The newest lighthouse on the Hudson River, started in 1913 and finished and commissioned in 1915, the current Rondout Lighthouse continues an important tradition started in 1837 of marking the vital river port of the Rondout. The Rondout was the terminus of the D&H Canal with the canal transporting vast amounts of Pennsylvania coal over the Shawangunk Mountains to the Hudson. From here, the canal barges were unloaded and the coal was transferred to river barks that took the coal down to New York City.
Later ice, farm products, bluestone, bricks and cement were loaded and transported from the Rondout down to New York City, greatly increasing the already busy river traffic. By the middle of the 19th century regular steamboat excursions were departing from the Rondout carrying both passengers and cargo to New York. This burgeoning river traffic necessitated the building of a lighthouse at the mouth of the Rondout Creek a necessity to warn captains of the dangers of the shore and the shallow tidal flats surrounding the mouth of the Rondout.
Well into the 1940s there was no electricy at the lighthouse. With the installation of electricity the need for a permanent lightkeeper at the lighthouse ended. The last keeper and his family left, the lighthouse was boarded up and the remaining furnishings were removed as automated systems took over operation.
In 2002 the U.S. Coast Guard turned over ownership of the lighthouse to the City of Kingston which partners with the Hudson River Maritime Museum to care for the structure. Although uninhabited, the lighthouse remains an important aid to navigation on the Hudson River and stands as a sentinel at the mouth of the Rondout Creek.
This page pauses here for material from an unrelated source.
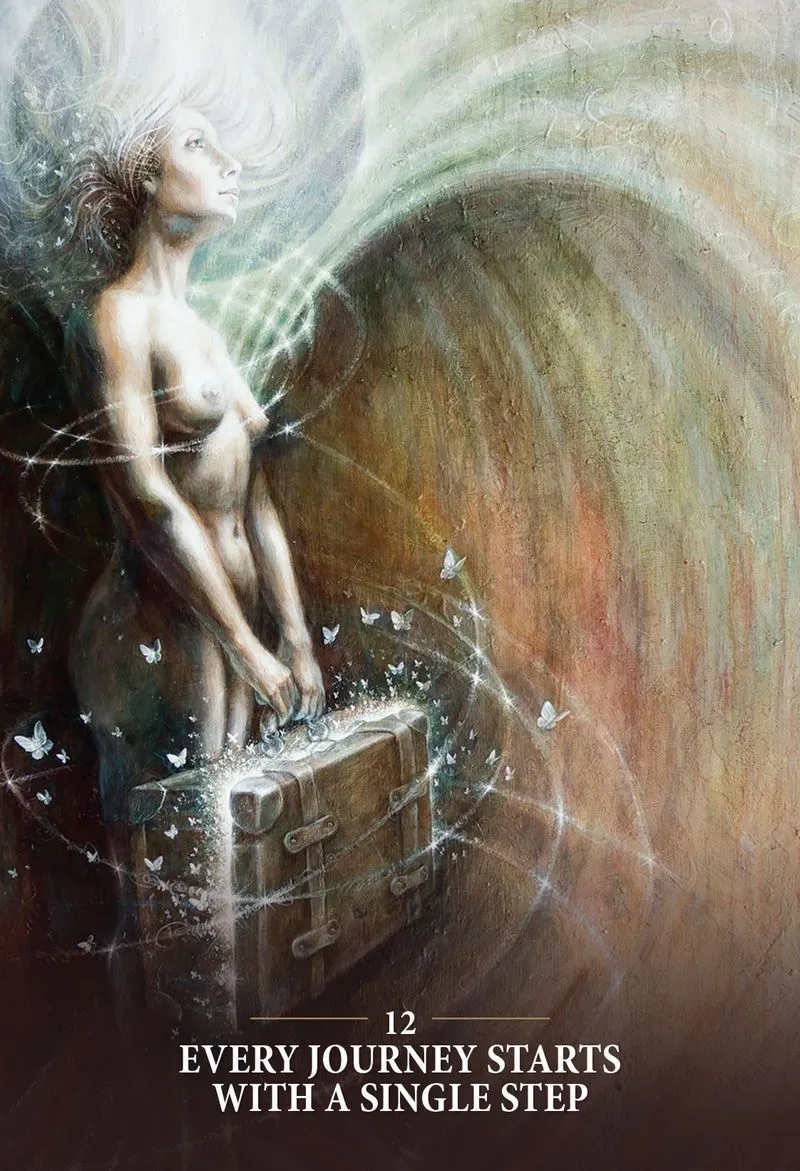 Оракул Священных Мятежников (Sacred Rebels Oracle), новое издание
The lighthouse brings back memories of paddle wheel steamboats and sailing ships transporting passengers and cargo from the vital river port of Kingston/Rondout.
- James McCausland – March 1838
- John McCausland – December 1838
- Martin G Hayes – February 1842
- Arthur M. Crange – February 1845
- Johannes D. Hasbrouk – October 1845
- Josiah Warner – March 1849
- John Kelly – April 1853
- George W. Murdock – May 1856 (died of drowning)
- Mrs. Catherine Murdock (widow) – July 1857
- James Murdick (son) – 1907 – 1923
- Ernest Bloom – 1923 – 1935
- Robert Howard – 1935 – 1945
- Albert Passel – 1945 – 1946
- Herman Lange – 1946 – 1954
Visiting the Lighthouse
Visiting the Rondout Lighthouse is both easy and pleasurable. Access to the lighthouse is via boat launch from the Hudson River Maritime Museum in the Rondout section of Kingston. The lighthouse contains period furnishings and exhibits documenting the history of the lighthouses on the Rondout and the keepers and their families. You can climb the tower and walk the outdoor platform, taking in a spectacular view of the Hudson and Rondout harbor.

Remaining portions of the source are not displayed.